Bakara/28 – “Keyfe tekfürune billahi ve küntüm
emvaten fe ahyaküm* sümme yümıtüküm sümme yuhyıküm sümme ileyhi türceun”.
Allah'ı
nasıl inkâr edersiniz ki, ölü idiniz sizleri diriltti. Sonra sizleri yine
öldürecek, sonra yine diriltecek, sonra da döndürülüp ona götürüleceksiniz. (Elmalı)
Bu ayette farklı bir hakikat
olduğu hissediliyor. Ayette Allah’ın varlığını bu kadar açık olduğu halde nasıl
inkar edersiniz diyor. Hiç failsiz fiil, müessirsiz eser olur mu diyor. Allah, akıl
nimetini verdiği insanın bu kadar akılsız karar verebileceğine şaşırıyor.
Ölü ve diri olma konusuna gelince; Kur’an
a göre ölü ve diri tarifleri çok farklı. Önce birkaç ayeti inceleyelim.
Allah yolunda öldürülenlere "ölüler" demeyin. Hayır, onlar
diridirler. Fakat siz sezemezsiniz. (Bakara/154)
Allah'ın yukarıdan bir su indirip de onunla yeri ölümünden sonra
diriltmesinde.. (Bakara/164)
.."Öyle ise kuşlardan dördünü tut da onları kendine çevir, iyice
tanıdıktan sonra (kesip) her dağın başına onlardan birer parça dağıt, sonra da
onları çağır, koşa koşa sana gelecekler ve bil ki, Allah gerçekten çok
güçlüdür, hüküm ve hikmet sahibidir." (Bakara/260)
Geceyi gündüzün içine sokarsın, gündüzü gecenin içine sokarsın; ölüden
diri çıkarırsın, diriden ölü çıkarırsın. (A.İmran/25)
Allah yolunda öldürülenleri sakın ölüler sanma. Bilakis onlar
diridirler. (A.İmran/169)
Daveti ancak dinleyenler kabul ederler. Ölülere gelince, Allah onları
diriltir, sonra O'na döndürülürler. (En’am/36)
Şüphesiz ki taneleri ve çekirdekleri yaran Allah'tır. O, ölüden diriyi
çıkarır, diriden de ölüyü çıkaran O'dur. (En’am/95)
Ölü iken hidayetle dirilttiğimiz, kendisine insanlar arasında yürüyecek
bir nûr verdiğimiz kimse, karanlıklar içinde kalıp, ondan çıkamayan kimse gibi
olur mu? (En’am/122)
O putlar, hep ölüdürler, diri değildirler. (Nahl/21)
Bil ki sen, ölülere işittiremezsin, arkasını dönüp kaçmakta olan
sağırlara da daveti duyuramazsın. (Neml/80)
Ayetler çok, sadece bunlar bile insanın
bedensel yaşam halini ölü olarak tanımladığına yeter.

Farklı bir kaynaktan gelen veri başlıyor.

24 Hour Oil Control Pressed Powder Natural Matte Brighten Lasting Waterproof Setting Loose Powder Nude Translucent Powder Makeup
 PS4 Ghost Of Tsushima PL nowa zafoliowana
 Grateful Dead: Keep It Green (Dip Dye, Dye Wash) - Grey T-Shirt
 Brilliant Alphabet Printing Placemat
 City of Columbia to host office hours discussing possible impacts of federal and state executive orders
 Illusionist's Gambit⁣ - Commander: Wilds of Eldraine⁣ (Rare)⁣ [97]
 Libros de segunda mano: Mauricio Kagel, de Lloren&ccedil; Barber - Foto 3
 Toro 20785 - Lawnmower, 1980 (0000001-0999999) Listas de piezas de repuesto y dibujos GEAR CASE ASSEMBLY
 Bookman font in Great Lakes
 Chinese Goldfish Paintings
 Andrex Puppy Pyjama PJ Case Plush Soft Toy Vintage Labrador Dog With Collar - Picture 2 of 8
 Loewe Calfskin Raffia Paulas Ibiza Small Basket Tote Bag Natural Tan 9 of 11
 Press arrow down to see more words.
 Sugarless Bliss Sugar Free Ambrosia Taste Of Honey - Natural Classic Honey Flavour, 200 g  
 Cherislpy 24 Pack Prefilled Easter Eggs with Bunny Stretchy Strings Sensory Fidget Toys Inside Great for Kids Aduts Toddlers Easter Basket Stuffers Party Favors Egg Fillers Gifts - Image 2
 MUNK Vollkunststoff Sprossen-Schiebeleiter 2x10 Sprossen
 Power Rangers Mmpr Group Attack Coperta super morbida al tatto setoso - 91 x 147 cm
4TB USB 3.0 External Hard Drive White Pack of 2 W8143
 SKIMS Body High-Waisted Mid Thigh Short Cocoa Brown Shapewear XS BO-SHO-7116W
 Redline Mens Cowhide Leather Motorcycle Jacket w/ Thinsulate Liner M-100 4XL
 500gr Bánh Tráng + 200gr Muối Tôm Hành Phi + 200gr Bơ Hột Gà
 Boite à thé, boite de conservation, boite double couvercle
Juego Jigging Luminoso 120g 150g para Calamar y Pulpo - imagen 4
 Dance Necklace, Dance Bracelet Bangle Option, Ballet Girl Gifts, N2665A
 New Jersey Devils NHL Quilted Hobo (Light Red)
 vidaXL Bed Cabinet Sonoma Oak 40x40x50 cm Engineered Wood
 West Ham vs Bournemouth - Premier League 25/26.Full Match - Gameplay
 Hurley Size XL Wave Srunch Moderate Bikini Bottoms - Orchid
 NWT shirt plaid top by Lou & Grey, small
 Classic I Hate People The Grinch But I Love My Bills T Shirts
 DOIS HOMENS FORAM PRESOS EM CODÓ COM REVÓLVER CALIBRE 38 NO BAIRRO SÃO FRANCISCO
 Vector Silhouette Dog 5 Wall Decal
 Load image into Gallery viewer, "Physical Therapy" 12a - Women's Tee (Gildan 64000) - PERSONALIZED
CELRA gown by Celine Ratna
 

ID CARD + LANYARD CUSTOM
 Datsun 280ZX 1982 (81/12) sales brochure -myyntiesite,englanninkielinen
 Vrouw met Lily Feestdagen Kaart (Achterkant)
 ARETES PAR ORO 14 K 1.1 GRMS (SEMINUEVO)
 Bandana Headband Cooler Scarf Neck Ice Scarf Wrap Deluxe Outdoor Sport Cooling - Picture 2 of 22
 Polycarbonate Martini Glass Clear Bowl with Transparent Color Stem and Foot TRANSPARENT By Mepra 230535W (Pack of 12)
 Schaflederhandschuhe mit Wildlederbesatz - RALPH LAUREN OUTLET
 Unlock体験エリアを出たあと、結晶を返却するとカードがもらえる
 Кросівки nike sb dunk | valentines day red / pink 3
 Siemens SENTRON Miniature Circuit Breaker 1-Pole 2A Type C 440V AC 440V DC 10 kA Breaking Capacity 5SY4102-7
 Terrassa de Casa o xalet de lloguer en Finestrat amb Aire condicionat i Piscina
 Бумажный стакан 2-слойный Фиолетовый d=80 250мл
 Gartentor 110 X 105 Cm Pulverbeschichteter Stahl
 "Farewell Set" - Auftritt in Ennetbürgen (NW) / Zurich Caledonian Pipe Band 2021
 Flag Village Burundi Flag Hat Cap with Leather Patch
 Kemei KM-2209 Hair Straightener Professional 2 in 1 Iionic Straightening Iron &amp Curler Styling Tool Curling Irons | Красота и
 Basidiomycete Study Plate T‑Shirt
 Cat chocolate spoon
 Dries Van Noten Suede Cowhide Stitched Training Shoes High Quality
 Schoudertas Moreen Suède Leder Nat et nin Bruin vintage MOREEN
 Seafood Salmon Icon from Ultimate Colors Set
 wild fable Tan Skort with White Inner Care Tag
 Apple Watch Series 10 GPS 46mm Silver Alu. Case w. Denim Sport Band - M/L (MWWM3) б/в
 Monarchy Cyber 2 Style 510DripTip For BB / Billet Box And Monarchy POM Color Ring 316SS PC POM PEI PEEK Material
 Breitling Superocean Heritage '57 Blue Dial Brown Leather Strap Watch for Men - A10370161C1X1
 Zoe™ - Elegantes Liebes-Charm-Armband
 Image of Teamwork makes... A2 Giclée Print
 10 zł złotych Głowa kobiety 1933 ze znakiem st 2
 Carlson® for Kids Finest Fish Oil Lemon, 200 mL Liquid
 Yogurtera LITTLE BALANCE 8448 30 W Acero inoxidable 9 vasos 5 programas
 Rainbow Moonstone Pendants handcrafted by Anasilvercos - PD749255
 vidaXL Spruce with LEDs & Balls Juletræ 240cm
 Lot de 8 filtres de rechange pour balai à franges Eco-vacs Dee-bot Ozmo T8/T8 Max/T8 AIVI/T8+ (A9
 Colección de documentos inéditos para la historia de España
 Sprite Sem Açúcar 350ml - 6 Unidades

Diriliğin ise ancak
hidayetle mümkün olacağını da açıkça beyan ediyor. (En’am/122) Durum böyle
olunca bu ayetten şu anlam çıkıyor;
İnsan Allah’a imanın bilincinde
ve sorumluluğunda yaşadığı sürece diri, sadece nefsinin yani bedensel güdüler
çerçevesinde kaldığı sürece de ölüdür. İnsan ise bu iki kavram arasında gidip gelmeler
halinde yaşar.
Demek oluyor ki insan dünyada yaşadığı
süre boyunca ölüp ölüp dirilmiş. Bedensel
ölüm gerçekleştiğinde ise artık sona gelinmiş, ruh (“Bilinç”, “nefs”, “ben”)
ise Allah’a götürülmüştür. Çünkü artık aynel yakıyn, her şey apaçık ortada
olacak, bilinmezlik kalmayacak. Böyle bir durumda iman etmenin fayda vermediği hakikati
de dikkate alındığın da sona gelindiği kesinleşmiş demektir. Ben ayeti böyle yorumluyorum.